**Assignment:** Pictures should be left out while the data beneath this task is written out word for word.

**Provided data:**
>>>>>

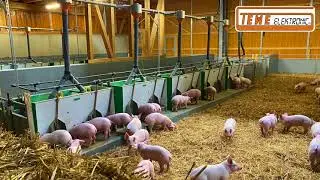 TEWE animal welfare barn with Airfeed II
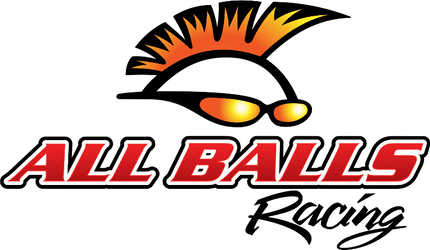 ALL BALLS RACING INC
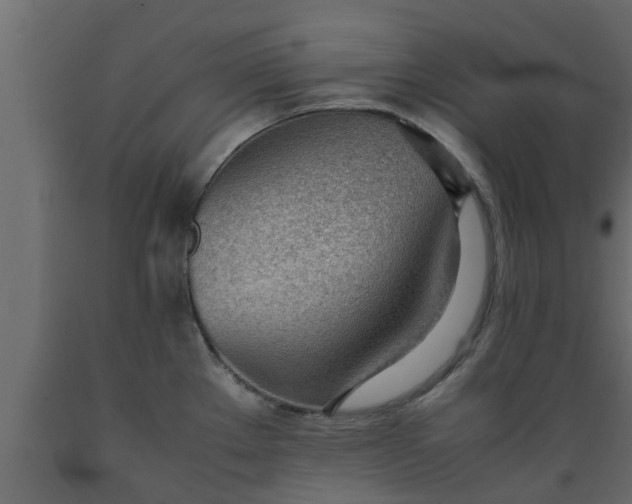 X0000089461289200707061255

<<<<<

**Exercise response:**
 TEWE animal welfare barn with Airfeed II
 ALL BALLS RACING INC
 X0000089461289200707061255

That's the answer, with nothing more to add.